A tournament of order $N$ is a directed graph on $[N]$ obtained by assigning a direction to each edge of $K_{N}$. A tournament $D$ is transitive if for every triple $a, b, c \in N$, $(a, b),(b, c) \in E(D)$ implies that $(a, c) \in E(D)$. For $n \in \mathbb{N}$ let $f(n)$ be the maximum integer such that there exists a tournament of order $f(n)$ without a transitive sub-tournament of size $n$. Show that $f(n) > (1+o(1))2^{\frac{n-1}{2}}$.
The following is my attempt :
Claim 2: $f(n) > (1 + o(1))2^{\frac{n-1}{2}}$
Proof: Consider the directed graphs on the vertex set $[n]$. A permutation $\sigma$ of $[n]$ gives an unique sequence $\sigma(1) \to \sigma(2) \to \dots \to \sigma(n)$, which corresponds to a directed Hamiltonian path on $K_n$. Hence, by claim 1 (proof omitted), there exists $n!$ transitive tournaments on the underlying graph $K_n$.

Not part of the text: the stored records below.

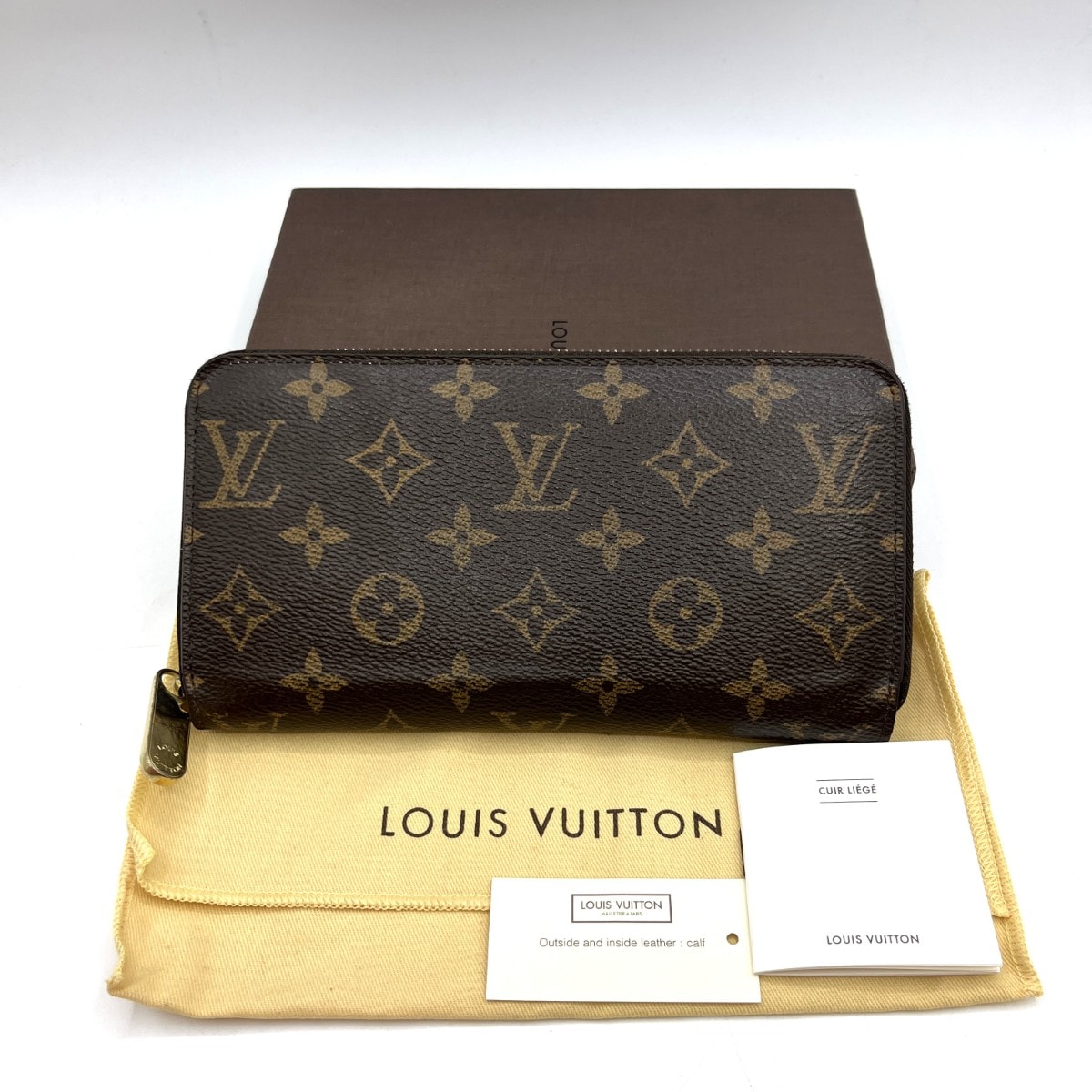 LOUIS VUITTON ルイヴィトン モノグラム ジッピーウォレット M42616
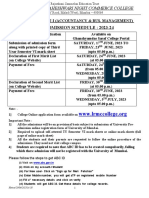 Admission Schedule - LRMC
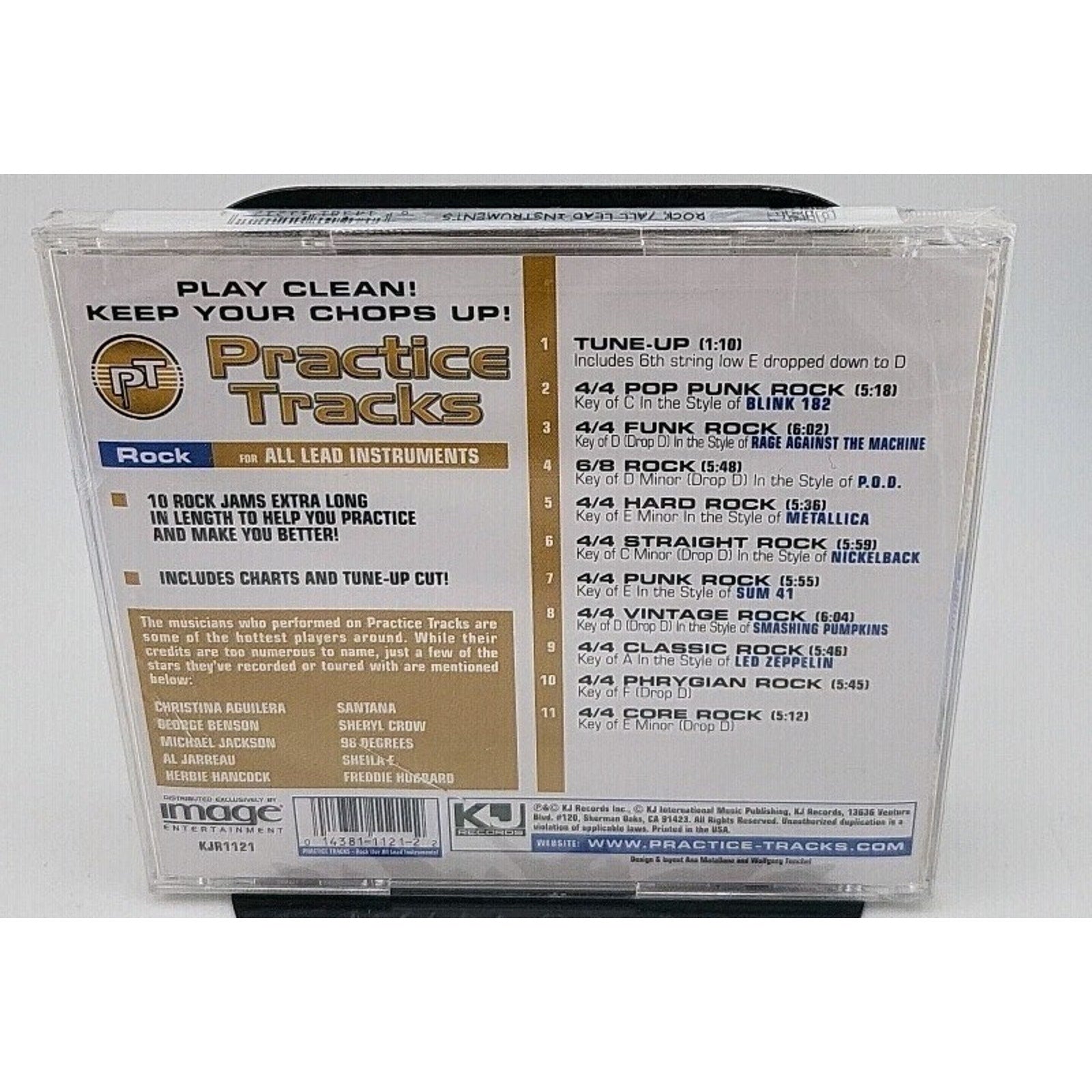 Practice Tracks: Rock for All Lead Instruments, Vol. 1 by Various Artists *New*
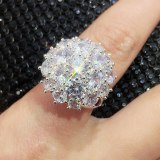 P5QA39J  Popular Moissanite Jewelry Wedding Diamond Ring
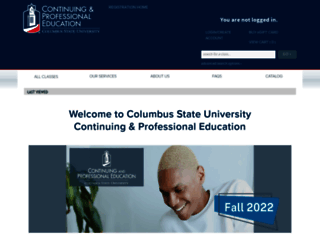 continuinged.columbusstate.edu screenshot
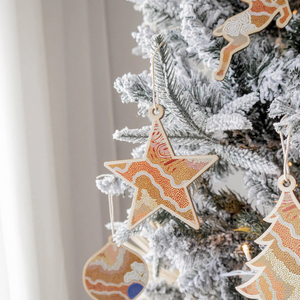 Aboriginal Christmas Star Decoration Salt Water Lake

Let $T$ be a random tournament on $[N]$, with $N > n$. Let $X$ be the random variable counting the number of transitive tournaments of size $n$ in $T$. By linearity of expectation and the analysis above, we have: $$\mathbb{E}[X] = n! {N \choose n} 2^{- {n \choose 2}}$$ To show the inequality in the claim, we want to find $N$ such that $\mathbb{E}[X] < 1$. Thus we have the following approximation: \begin{align*} &\ n! {N \choose n} 2^{- {n \choose 2}} = \frac{N!}{(N - n)!2^{\frac{n(n-1)}{2}}} = \left( (1 + o(1))\frac{N}{2^{\frac{n-1}{2}}} \right)^n < 1 \\ &\Rightarrow (1 +o(1))\frac{N}{2^{\frac{n-1}{2}}} < 1 \\ &\Rightarrow N < (1 + o(1))2^\frac{n-1}{2} \\ \end{align*}
I thought I would get something like $N > (1 + o(1))2^{\frac{n-1}{2}}$, and since $f(n)$ is the maximum of those $N$’s with the required property, I’d get $f(n) > N > (1 + o(1))2^{\frac{n-1}{2}}$. Where did I go wrong with my arguments?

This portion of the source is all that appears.